The documents also reveal irregularities in Penashue's campaign in the riding of Labrador, including cheques with no names, handwritten receipts and a donation with no name attached.
Harris, who represents St. John's East in Parliament, said he does not accept the explanation from Penashue's office, which pushed the blame to campaign manager Reg Bowers, who oversaw the books.
"Ultimately the buck stops with the candidate, so Mr. Penashue has to take responsibility," Harris said.
Penashue, who defeated Liberal incumbent Todd Russell in last year's election, is the minister of intergovernmental affairs, as well as Newfoundland and Labrador's federal cabinet representative.

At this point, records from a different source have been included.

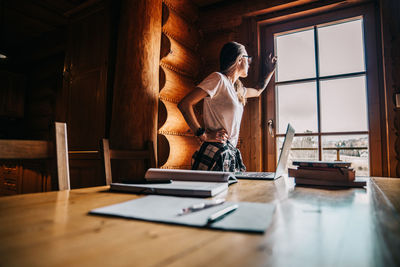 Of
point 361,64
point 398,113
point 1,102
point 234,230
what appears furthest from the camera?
point 1,102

Elections Canada has given Penashue time to explain the campaign spending. A statement last Friday from Penashue's office said it has "been in contact with Elections Canada to work on making needed amendments."
In an interview with CBC News, Harris said sticking to a spending limit is one of the basic rules of a campaign.
"How much money are you spending? You're not supposed to spend over a limit — that's the first thing that you're told," he said.
"You're only allowed to spend a certain amount of money."
While Penashue's office has said that Bowers, as the official agent for Penashue, made "some errors" during the campaign, those mistakes did not prevent the federal government from appointing him to the Canada–Newfoundland and Labrador Offshore Petroleum Board in December.